33:59 C'était la première vision de Hertzel, c'est la vision qu'ont défendu les juifs
34:06 français, qui pensaient que le sionisme n'était pas pour eux.
34:09 Depuis la guerre de 1967, le rapport à l'État d'Israël...
34:12 La guerre de 1967 ?
34:14 Oui.
34:15 Autrement dit, la guerre des six jours.
34:16 Que je n'aime pas utiliser.
34:18 Enfin, le terme que je n'aime pas utiliser, je préfère garder...
34:20 C'est le terme qu'on utilise généralement, mais vous avez fait les choses autrement.
34:24 Il y a une connotation messianique que je n'aime pas introduire, mais qui justement
34:28 est extrêmement importante dans la relation que les juifs ont construite avec l'État
34:32 d'Israël.
34:33 Et l'idée que c'est un refuge pour les juifs est quelque part battue en brèche lorsque
34:41 l'État, refuge lui-même, se trouve en danger.
34:43 Ce qu'on a pu constater d'ailleurs, c'est qu'on en a beaucoup parlé, à partir de la
34:50 période des attentats, un grand nombre de juifs de France sont partis vers Israël.
34:54 Mais si vous écoutez les informations récentes, beaucoup veulent rentrer maintenant.
34:58 C'est-à-dire que l'État, refuge, n'est plus tout à fait un refuge.
35:02 On trouve cette histoire des juifs de France en librairie.
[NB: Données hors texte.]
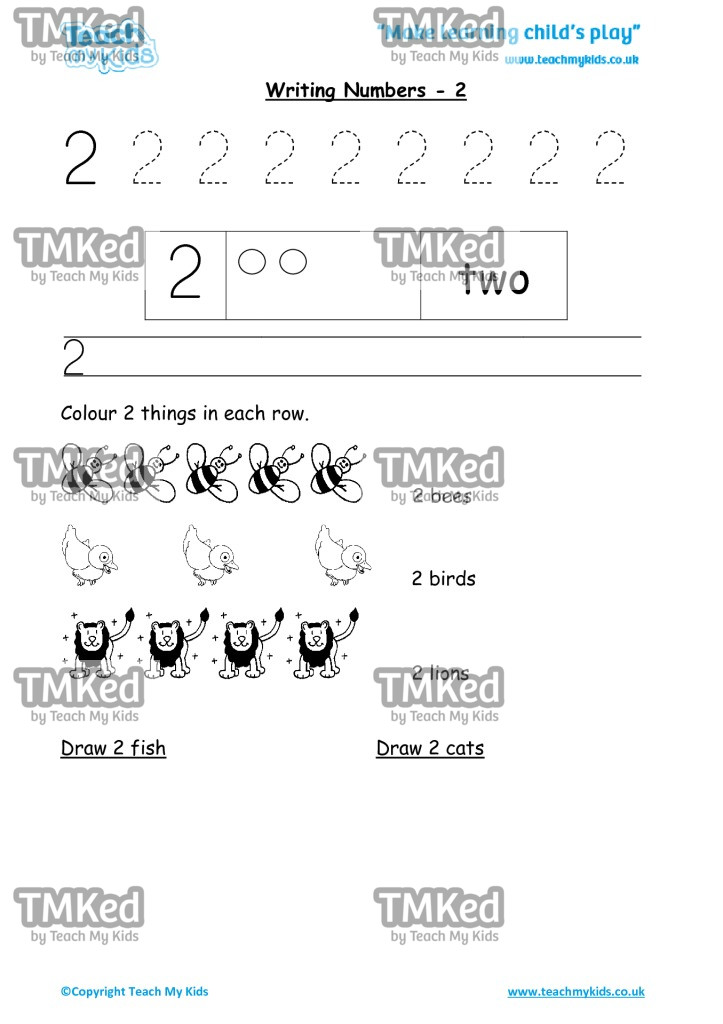 Worksheets for kids - writing 2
35:05 Histoire juive de la France aux éditions Albain Michel, avec beaucoup de choses sur
35:09 l'archéologie des juifs en France, avec des trésors qui ont été découverts, notamment
35:16 la stèle de Narbonne par exemple.
35:19 Merci Sylviane Golbert, merci Jonathan Arfi, président du CRIF, de nous avoir accompagnés.